To query the Credit Bureau, Flink needs the plaintext SSN. This requires a specific security configuration:

  • BFB must grant the Flink Compute Pool a specialized Identity/Role that has access to the KMS.
  • Flink decrypts the SSN in volatile memory only for the split-second required to construct the API request.
  • The SSN is never written to any log or disk in plaintext.
  • This pattern satisfies the "Need to Know" principle while enabling the necessary computation.

RBAC and Audit Logging

Confluent Cloud’s Role-Based Access Control (RBAC) ensures separation of duties.

  • Developers: Can view metadata and schema but cannot consume data from loan_applications.
  • Service Accounts: The Flink App Service Account is strictly scoped to consume loan_applications and produce to loan_decisions.
  • Audit Logs: Every access, decryption attempt, and configuration change is logged to an immutable Audit Log topic, which is sunk to BFB’s SIEM (Security Information and Event Management) system for compliance monitoring.

Reliability and Disaster Recovery Strategy

BFB requires high availability. A regional outage cannot stop loan processing across the country.

Cluster Linking for Disaster Recovery (DR)

We utilize Confluent Cluster Linking to create a robust DR strategy.

  • Architecture: Active-Passive.
    • Region A (Primary): Handles all POS traffic and Flink processing.
    • Region B (DR): Serves as a standby.
    • Replication: A Cluster Link is established from Region A to Region B. It replicates the loan_applications, customer_360, and loan_decisions topics byte-for-byte.
  • Offset Sync: Crucially, Cluster Linking replicates Consumer Offsets.
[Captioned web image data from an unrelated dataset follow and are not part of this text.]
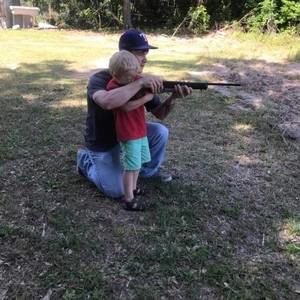 Meet your Posher, Randall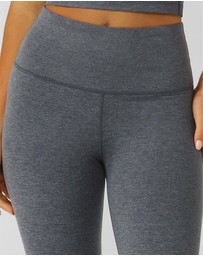 Lorna Jane - Ultimate Comfort Ankle Biter Leggings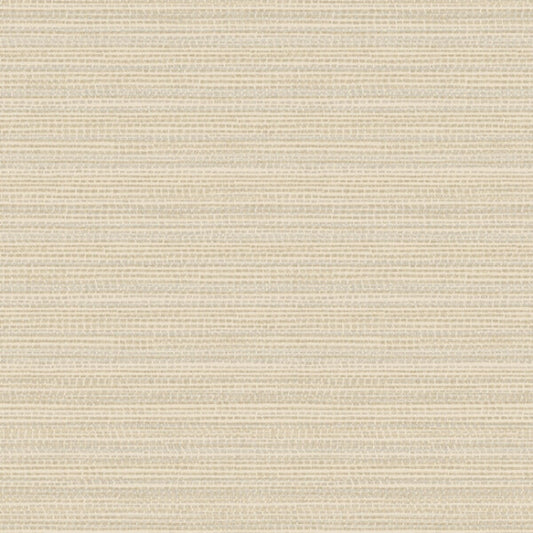 Tick Mark Texture Warm Wheat Peel & Stick Wallpaper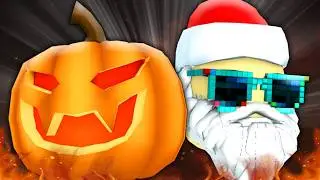 The Next MM2 Updates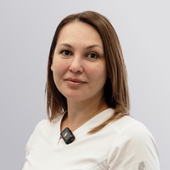 Ефремова Елена Анатольевна, детский стоматолог
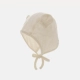 HT452 Jet Flower Hollow Rice White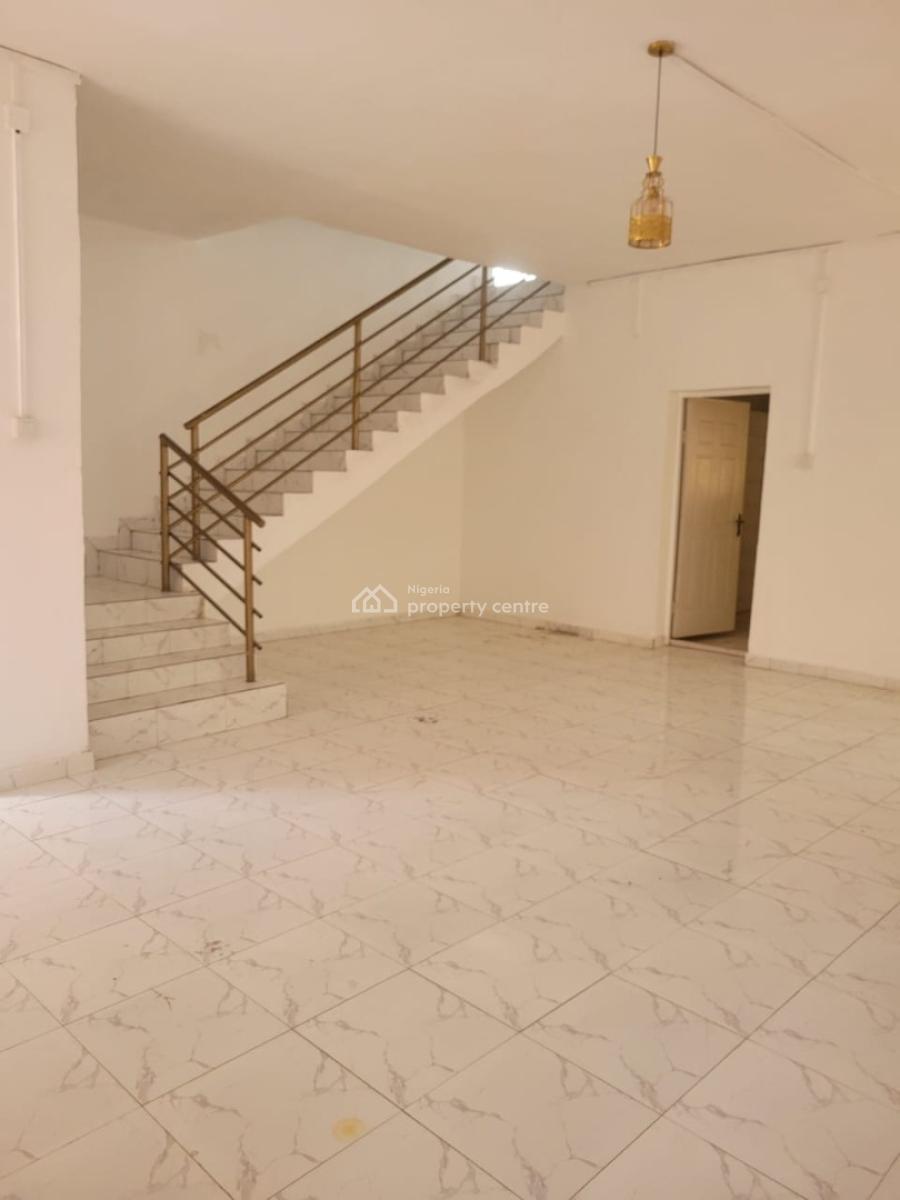 5 Bedroom Spacious, C Estate, Ajah, Lagos, Detached Duplex for Sale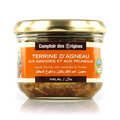 Roger Vidal - Terrine d'Agneau aux amandes et aux pruneaux - Halal Roger Vidal - Terrine d'Agneau aux amandes et aux pruneaux - Halal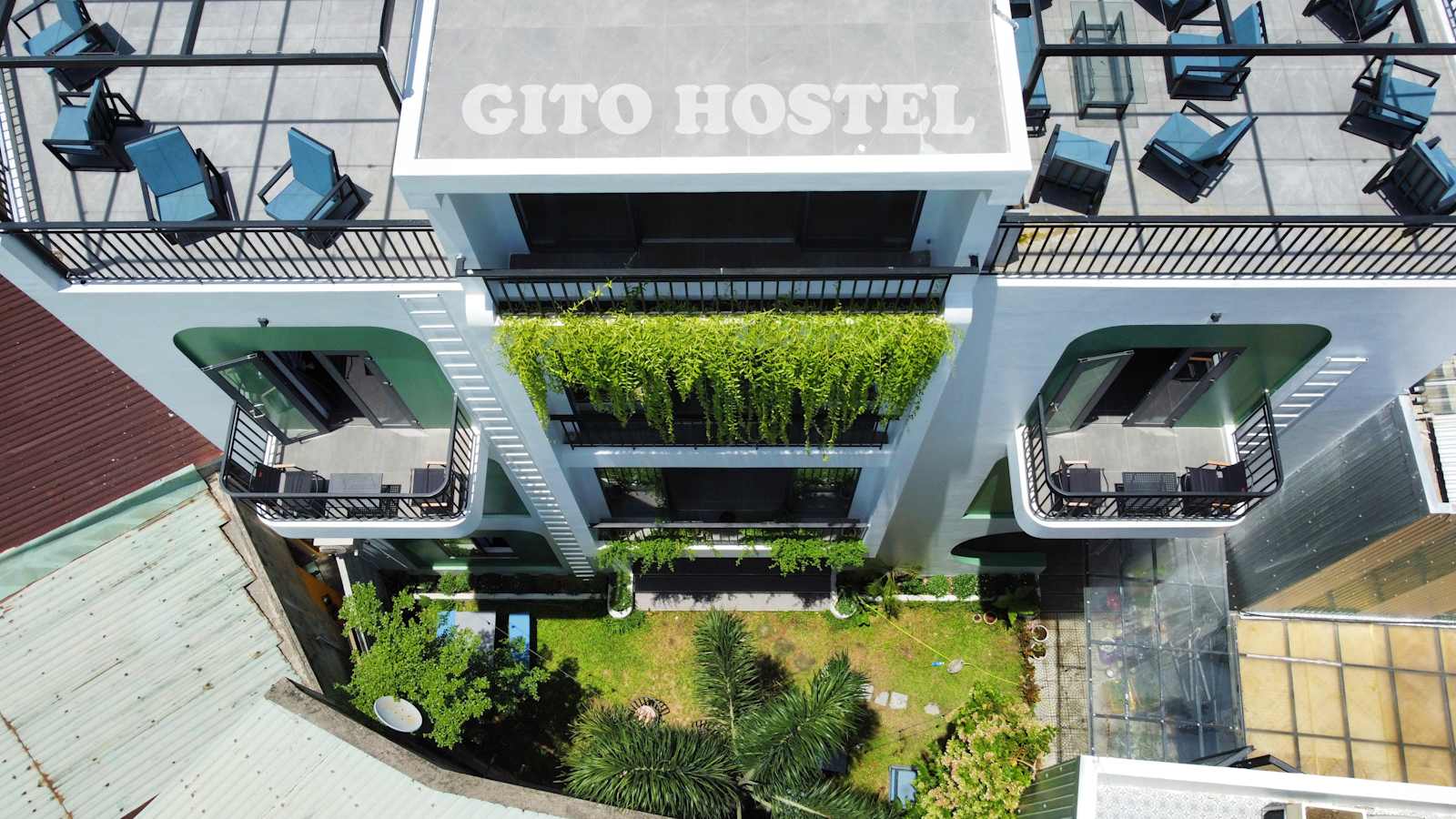 Gito Hostel, Hoi An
This means the state of the Flink application (which records it has processed) is constantly backed up to Region B.
  • Failover: In the event of a Region A outage:
    1. POS systems are redirected to Region B’s API endpoint.
    2. Flink jobs are started in Region B.
    3. Because offsets are synced, Flink resumes processing exactly where it left off in Region A, ensuring zero data loss and minimal reprocessing (low RPO/RTO).